As a five-year-old, I once found myself in an Oklahoma City elevator looking up at a fellow passenger I realized was film star Randolph Scott.
The excitement almost took me out.
I've never been without a pair of cowboy boots since.
American country music centered in the South had little beyond a regional appeal until it rebranded itself Country Western and affected cowboy hats and jeans.
Now not even Beyonce can resist it.
Even in the 21st century, the writer David Milch's HBO series, Deadwood, or as I like to call it, Back to the Fucking West, cocksuckers, proved just how resilient the Old West could be as a compelling subject.
More of Milch and Deadwood in another episode.
What I want to argue now and across the remaining episodes in this podcast is that the 20th and 21st century West has maybe been an even more thrilling place for history to play out.
Nostalgia for the Old West, as I'm about to demonstrate here with the careers of two famous artists, the photographer Edward Sheriff Curtis and the painter Vino Rice, could be pretty much a drag on understanding the possibilities of modern life in the West.

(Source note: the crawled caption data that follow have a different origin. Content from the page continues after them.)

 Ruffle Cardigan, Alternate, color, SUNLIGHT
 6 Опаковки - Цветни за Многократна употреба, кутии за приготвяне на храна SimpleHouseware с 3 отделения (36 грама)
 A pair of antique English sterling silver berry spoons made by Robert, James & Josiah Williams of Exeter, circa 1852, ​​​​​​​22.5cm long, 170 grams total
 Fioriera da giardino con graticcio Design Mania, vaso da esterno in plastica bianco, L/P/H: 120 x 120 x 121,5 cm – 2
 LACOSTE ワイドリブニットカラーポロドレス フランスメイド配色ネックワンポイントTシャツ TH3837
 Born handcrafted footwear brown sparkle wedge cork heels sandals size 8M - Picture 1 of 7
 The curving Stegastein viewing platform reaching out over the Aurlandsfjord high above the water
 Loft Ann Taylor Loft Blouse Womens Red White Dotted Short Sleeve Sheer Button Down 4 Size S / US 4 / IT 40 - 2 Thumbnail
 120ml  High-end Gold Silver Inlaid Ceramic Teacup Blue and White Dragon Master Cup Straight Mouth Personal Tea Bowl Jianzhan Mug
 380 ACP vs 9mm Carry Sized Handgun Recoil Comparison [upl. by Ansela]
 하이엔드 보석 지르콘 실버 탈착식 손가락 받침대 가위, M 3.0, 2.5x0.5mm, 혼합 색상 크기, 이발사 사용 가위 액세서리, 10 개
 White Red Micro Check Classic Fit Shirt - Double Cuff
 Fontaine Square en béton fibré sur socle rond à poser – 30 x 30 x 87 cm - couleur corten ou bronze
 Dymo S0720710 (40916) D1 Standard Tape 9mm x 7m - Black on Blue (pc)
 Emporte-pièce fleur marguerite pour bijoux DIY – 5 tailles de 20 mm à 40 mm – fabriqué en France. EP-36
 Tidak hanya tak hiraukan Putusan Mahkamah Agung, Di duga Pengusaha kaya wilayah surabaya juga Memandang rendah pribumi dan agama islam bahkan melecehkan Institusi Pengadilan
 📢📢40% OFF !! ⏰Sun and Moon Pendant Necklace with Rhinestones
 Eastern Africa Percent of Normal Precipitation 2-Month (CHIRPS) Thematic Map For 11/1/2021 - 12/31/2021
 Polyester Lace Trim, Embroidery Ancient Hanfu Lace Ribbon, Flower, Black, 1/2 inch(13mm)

we've not yet entirely escaped the pull of the Western Pass.
But the honesty of someone like Vino Rice, painting the Blackfeet Indians of Montana from roughly 1920 to 1950, helps show us the way towards the West we actually live in or visit.
No one remotely interested in American Indians or merely the beauty and dignity of humanity ever forgets their first reaction standing before an Edward Sheriff Curtis photograph.
After the initial shock of seeing what appears to be pre-modern people preserved by a modern medium, I had no idea cameras existed that long ago, a friend said to me once.